Fix!: exclude Semicolon expressions from model state
Fixes #4252
I reproduced the issue locally by following the steps outlined in the above issue:
>>> ctx.models['"db"."sqlmesh_example"."incremental_model"'].json()
'{"name":"sqlmesh_example.incremental_model","project":"","start":"2020-01-01","cron":"@daily","tags":[],"dialect":"duckdb","kind":{"name":"INCREMENTAL_BY_TIME_RANGE","on_destructive_change":"ERROR","dialect":"duckdb","forward_only":false,"disable_restatement":false,"time_column":{"column":"\\"event_date\\"","format":"%Y-%m-%d"},"partition_by_time_column":true},"partitioned_by":[],"clustered_by":[],"default_catalog":"db","audits":[],"grains":["(id, event_date)"],"references":[],"allow_partials":false,"signals":[],"enabled":true,"python_env":{},"jinja_macros":{"packages":{},"root_macros":{},"global_objs":{},"create_builtins_module":"sqlmesh.utils.jinja","top_level_packages":[]},"audit_definitions":{},"mapping_schema":{"\\"db\\"":{"\\"sqlmesh_example\\"":{"\\"seed_model\\"":{"id":"INT","item_id":"INT","event_date":"DATE"}}}},"extract_dependencies_from_query":true,"pre_statements":[],"post_statements":["SELECT\\n id,\\n item_id,\\n event_date,\\nFROM\\n sqlmesh_example.seed_model\\nWHERE\\n event_date BETWEEN @start_date AND @end_date\\n;"],"on_virtual_update":[],"query":"SELECT\\n id,\\n item_id,\\n event_date,\\nFROM\\n sqlmesh_example.seed_model\\nWHERE\\n event_date BETWEEN @start_date AND @end_date\\n;","source_type":"sql"}'
I observed that we hit this line for the Semicolon expression and store the query's SQL in its meta dict.
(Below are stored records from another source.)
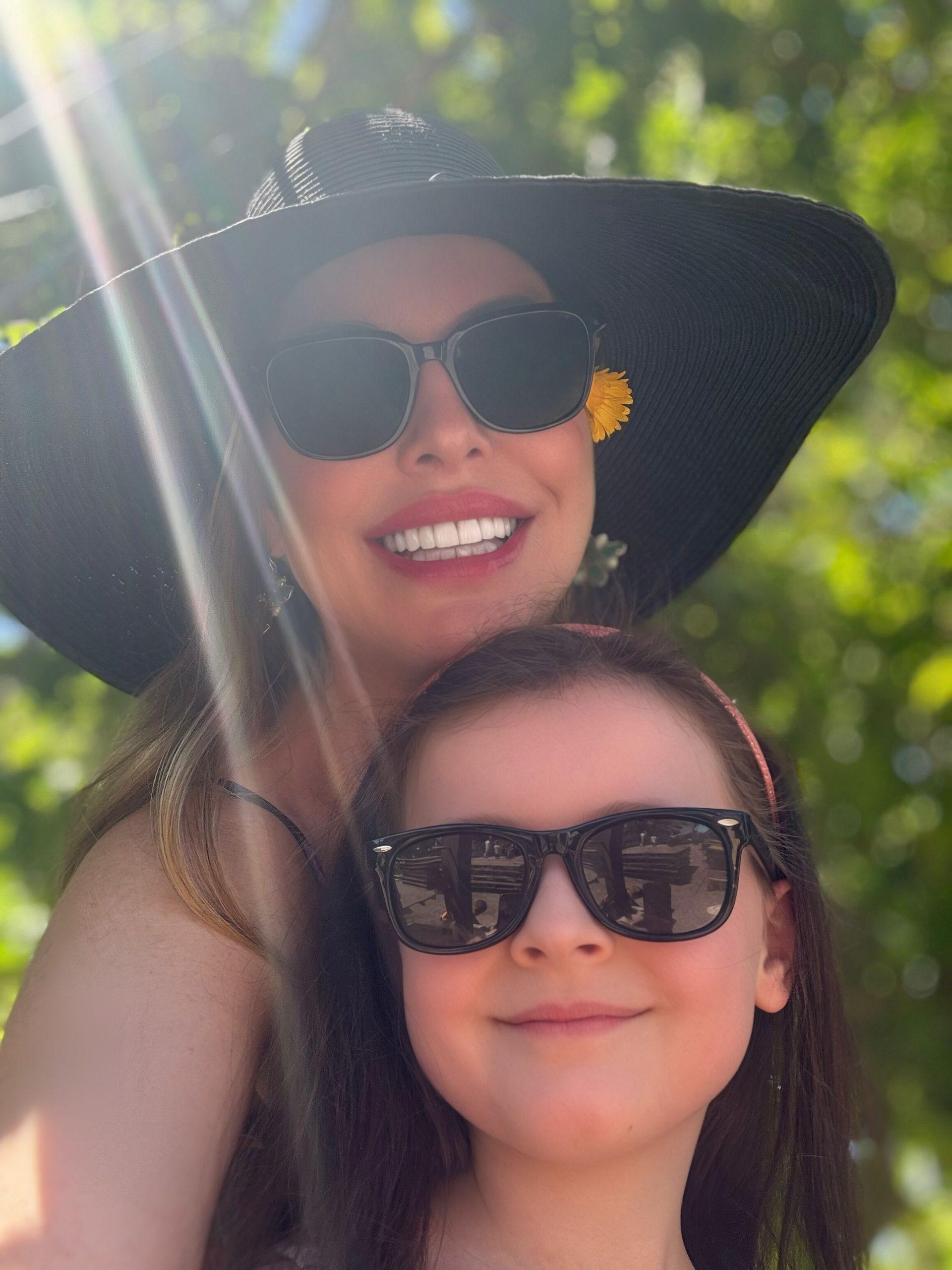 Christianne and Livia (plus flower) on a walk.  Image by Christianne Klein
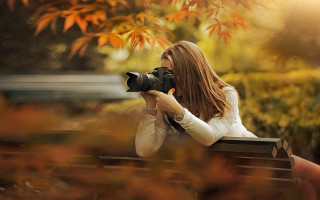 Woman autumn leaves camera blurry - a picture of herself free wallpaper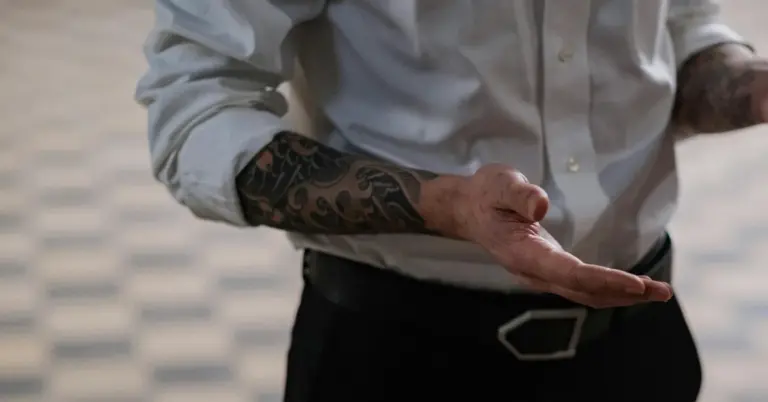 Close-up of a tattooed forearm and hands, suggesting discussion of non-laser tattoo removal methods.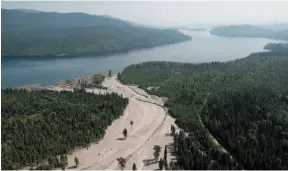  ?? CP FILE PHOTO ?? Contents from a tailings pond pour down Hazeltine Creek into Quesnel Lake near the town of Likely on Aug. 5, 2014.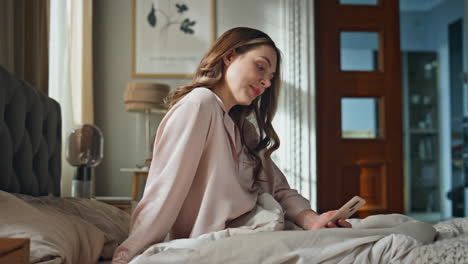 woman in pajamas sitting on bed using a smartphone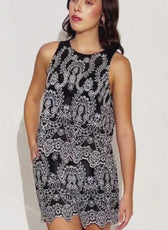 Model wearing black and white embroidered sleeveless dress with wide straps, floral pattern, and scalloped hem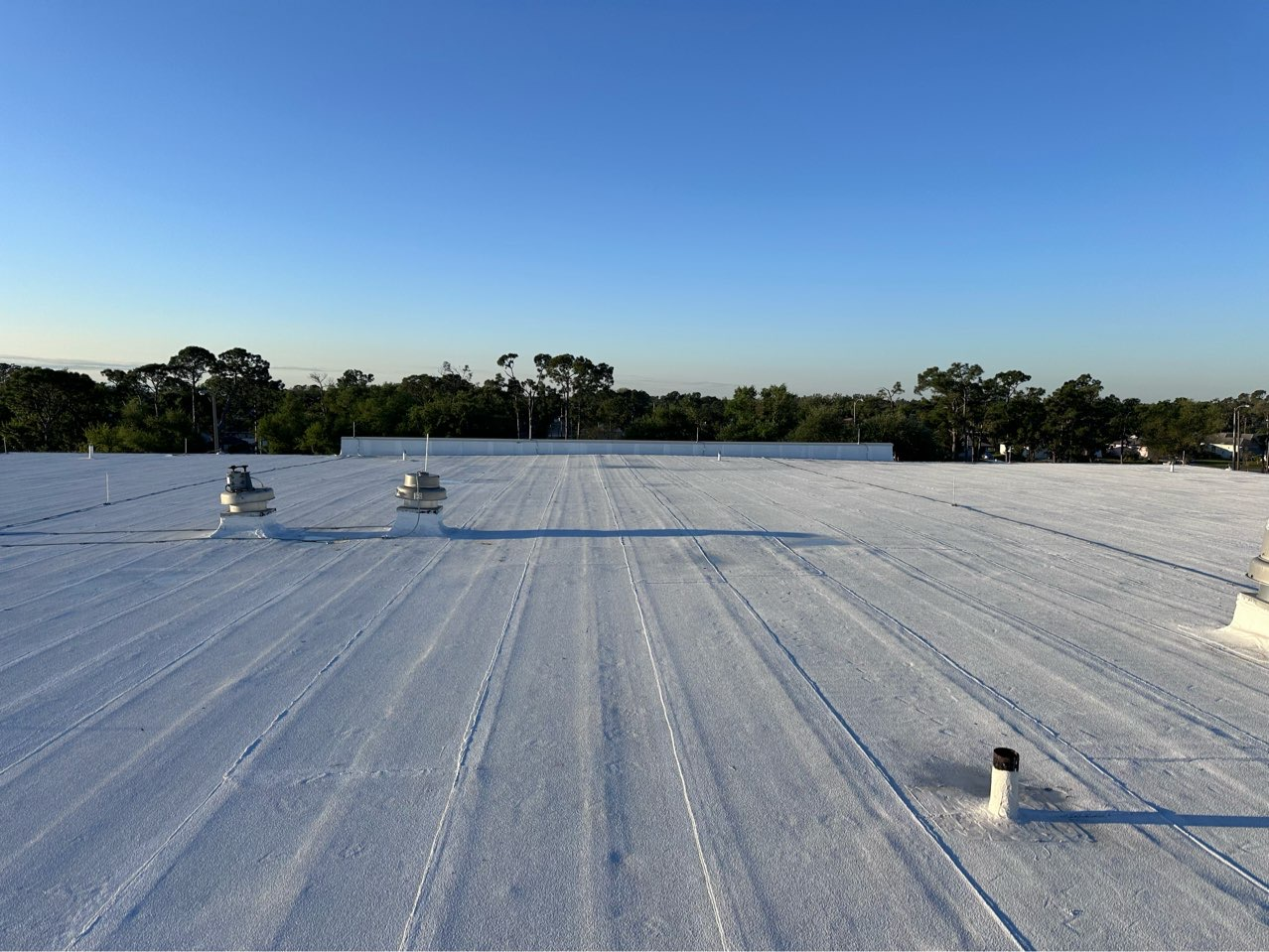 Storm damage to rooftop flashing and penetration seals on a commercial building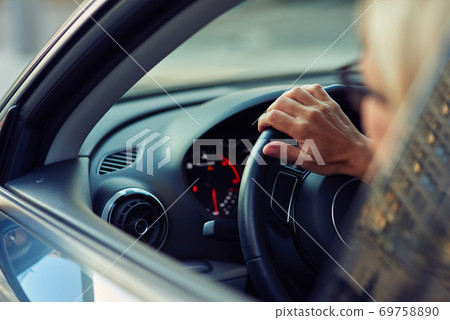 Close up rear view of a woman driving car through the city 69758890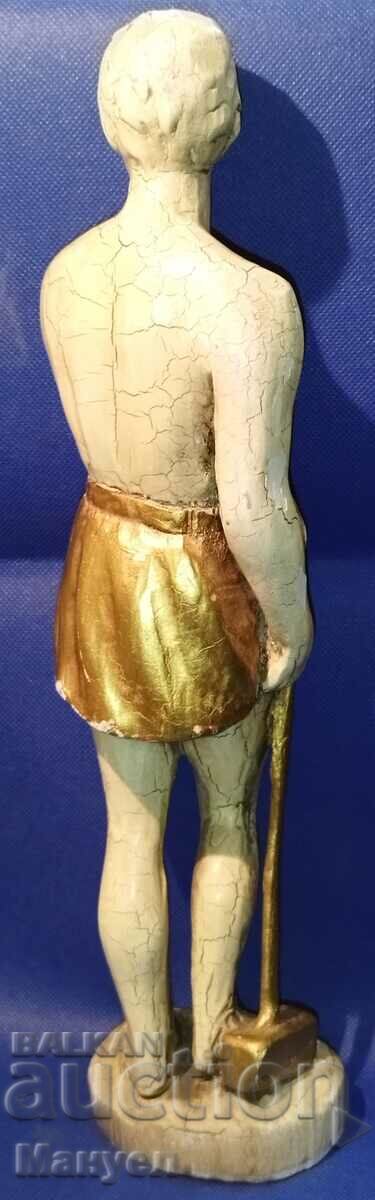 Auction Sculpture of a slave with a hammer. Auction Sculpture of a slave with a hammer.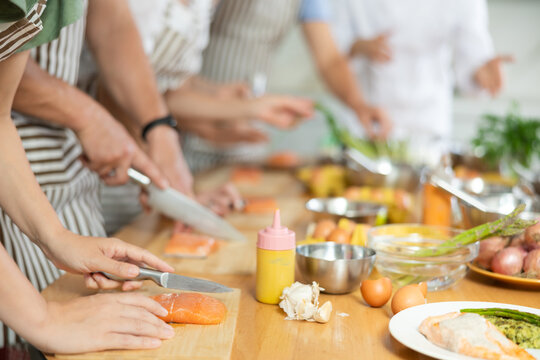 People in aprons standing at table with groceries and utensils during group cooking lesson, absorbed in cooking process, cutting fresh salmon following chef instructions. Cropped shot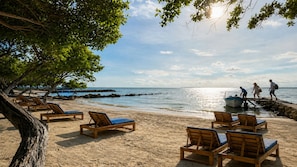 Una playa con sillones de madera y costa rocosa.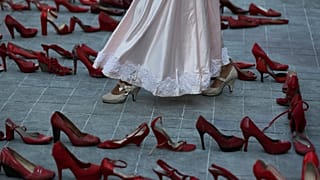 Una actriz camina cerca de una fila de zapatos rojos que representan a las mujeres asesinadas, 9/3/2020, Ciudad de México, México 
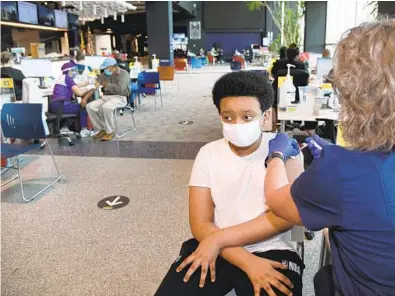  ?? BARBARA HADDOCK TAYLOR/BALTIMORE SUN ?? Boanerges Teka, 13, of Baltimore, gets a Pfizer vaccine on Thursday at M&T Bank Stadium.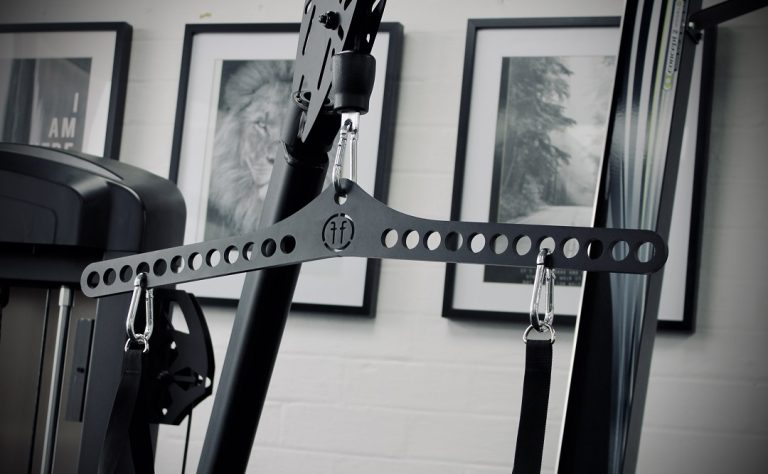 A Forte Fitness pulldown attachment in place in a gym. It is attached to the cable machine, with clips attached. The photo is in black and white.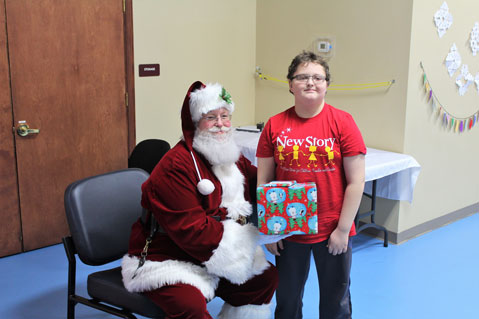 A special education student stands next to Santa Claus and smiles.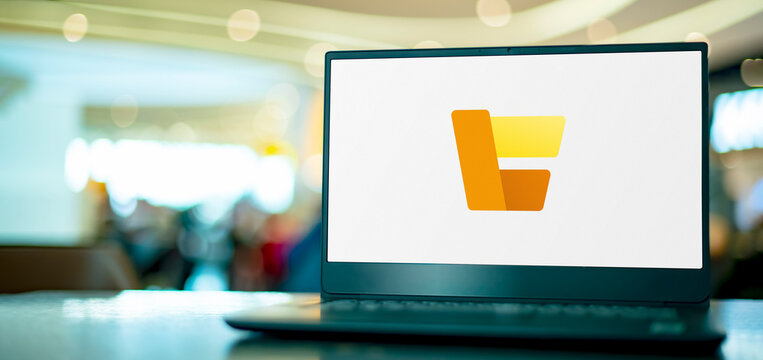 Computer displaying logo of Microsoft Dynamics 365 Commerce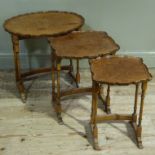 A nest of three shaped oval walnut veneered occasional tables with pie crust tops on ring turned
This explains the duplication of the model's query in the above serialized post_statements key.
My initial approach was to avoid setting meta["sql"] for Semicolon expressions, but then it occurred to me that we shouldn't be storing any Semicolon expressions in the model, because they can also affect the data/metadata hash.
I verified for the issue's examples that if I ran plan, removed the semicolon+comment, and then ran plan again then a diff was shown. This is because Semicolon is gen'd since it's in the post_statements list and we get back a "SEMICOLON" string in the _data_hash_values. I added a test for this.
I think we need a migration for this change. I'll take it to the finish line ~on Monday~ soon.